‘Careful a frog doesn’t pee on you or you’ll go blind,’ said Pedro Julio, then we heard another voice.
‘Blind! I’ll leave you blind with the beating I’m going to give you!’
I stuck my head out of the pool and saw the imposing and unmistakable figure of my father.
‘You little bastard, how many times have I told you I don’t want to see you swimming in that disgusting water?’
My father pulled me out of the pool by my ear and threw me onto the rocks.
‘Wait, Papito, let me explain!’
My father was not in the mood for explanations.
‘Walk before I crack your head open,’ he said as he dragged me through the undergrowth and rocks.
‘Didn’t I tell you to wait in the house? Have you forgotten that today is the day of the photo? I’m going to kill you!
Shit, I thought as I scrambled along, colliding with the branches and sharp twigs sticking out of the bushes and trees, I had forgotten the photo.
We passed the caves and Cundo’s house and started down the hill. The people came out of their houses when they heard my father shouting. My stormy relationship with my father was a source of entertainment in the neighbourhood.

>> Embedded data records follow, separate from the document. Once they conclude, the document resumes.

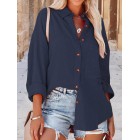 Casual Loose Solid Color pel Pocket Long Sleeve Shirt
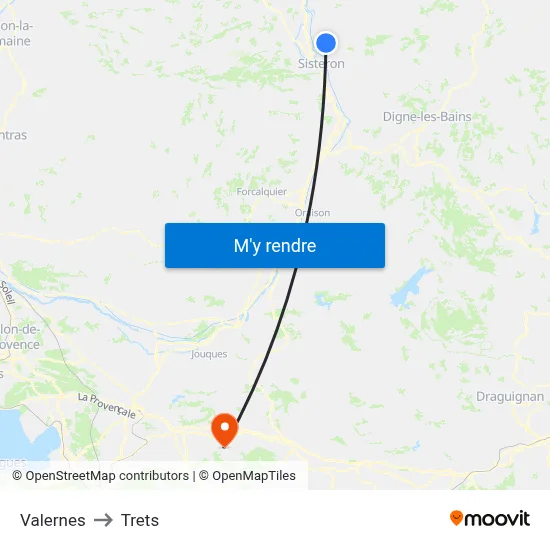 Valernes to Trets map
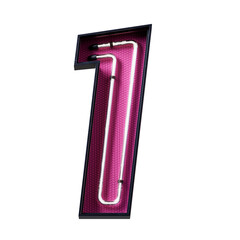 3D illustration of White Neon light digit number character 1 font. Neon tube number White glow effect in Black metal box with pink bottom plate.Supports PNG files with transparent backgrounds.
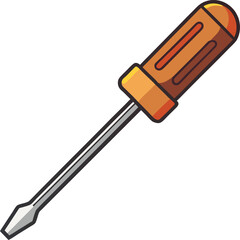 Illustration of a flathead screwdriver with orange handle, A bright illustration of a flathead screwdriver with an orange handle, symbolizing tools for DIY projects and home repairs.
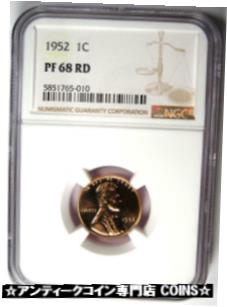 【極美品/品質保証書付】 アンティークコイン コイン 金貨 銀貨 [送料無料] 1952 Proof Lincoln Wheat Cent Penny 1C - NGC PR68 RD (PF68) - $1,500 Value!：金銀プラチナ ワールドリソース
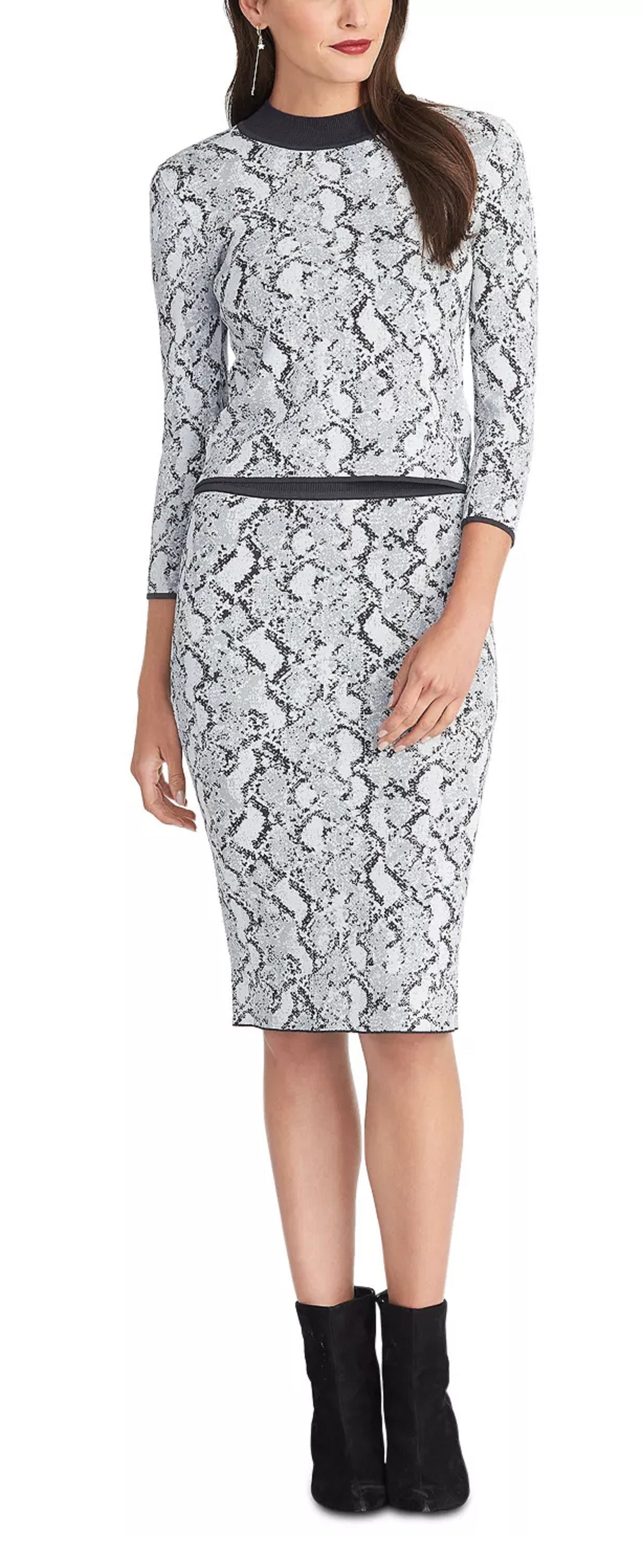 Rachel Roy Women's Lindey Printed Sweater Skirt Gray Size Small
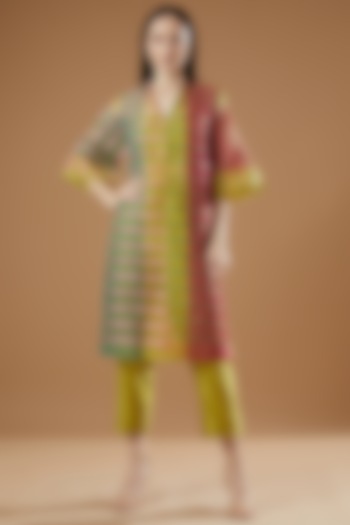 Multi-Colored Striped Kurta Set by AROHI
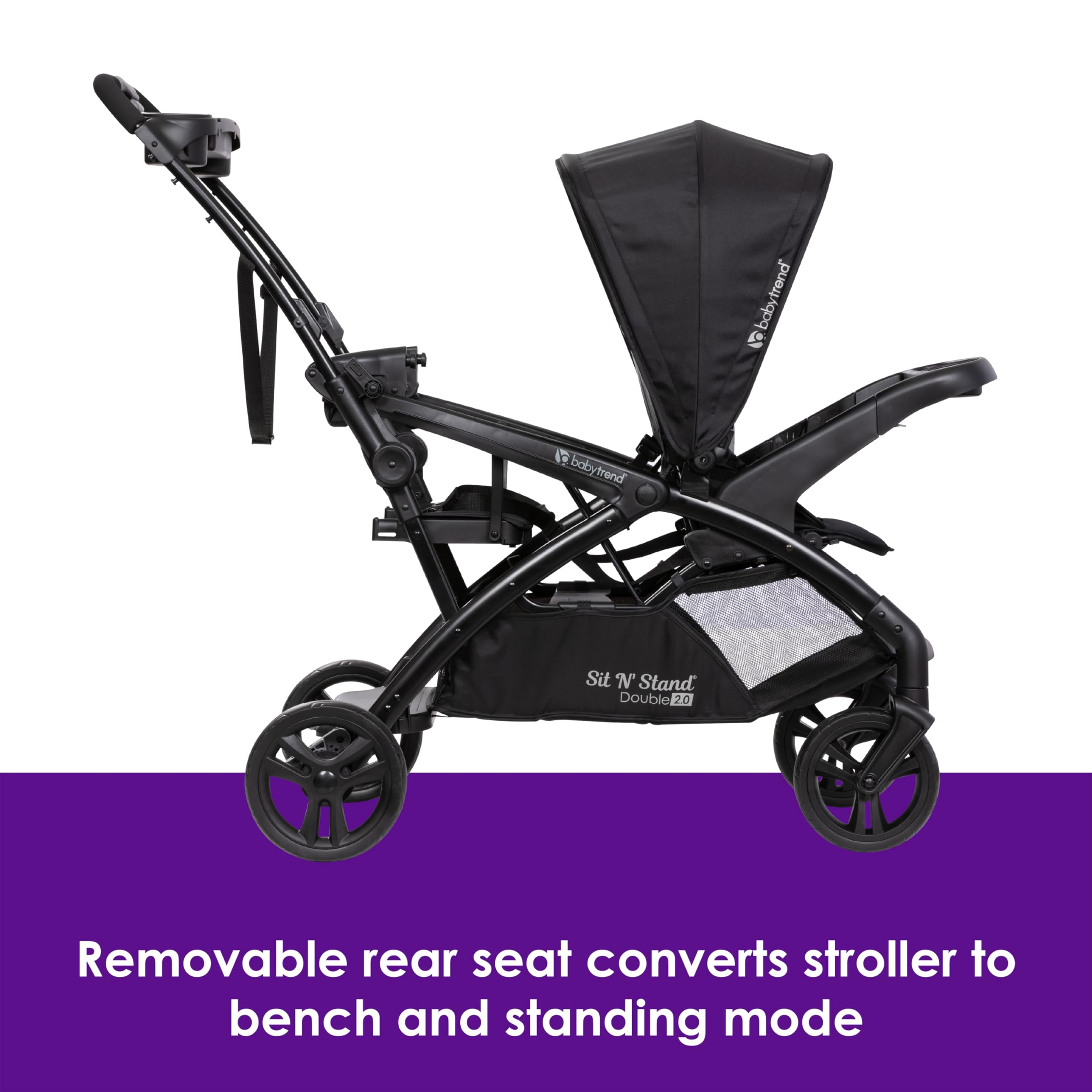 Baby Trend Sit N' Stand Double 2.0 Stroller - Lightweight Convertible Stroller for 2 Kids, Adjustable Canopy & Cup Holders, Dash Black - Perfect for Shopping, Travel & Family Outings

‘Hey Peeeedro … leeeave the boooyyy alooone!’ said Juanito, the drunk, as my father shook and slapped me about.
‘Out of my way Juanito!’ My old man pushed him roughly.
‘Heeeey, dooon’t you staaart picking on meeee. I’m Juaaaanito the druuuunk!’
We left Juanito with his bottle and continued on down the hill. When we arrived at my building, Zoilita, Rene, Yolanda, Candida, all the neighbours were waiting.
‘Finally you’re going to make him pay,’ they all cheered, as if a runaway criminal had just been captured. Rene was looking very satisfied with himself – he had obviously told my parents where to find me. My father walked me straight past them and up the stairs to our apartment. My mother sluiced me down to get the mud off, dressed me in my only pair of trousers, the better of my two pairs of shoes and my one school shirt. My father insisted that I wear a tie.
‘No, Mami, not the tie!’
‘You, shut your mouth!’ said my old man angrily.
‘There’s no need to yell, Pedro, we’ll make it in time,’ my mother said soothingly.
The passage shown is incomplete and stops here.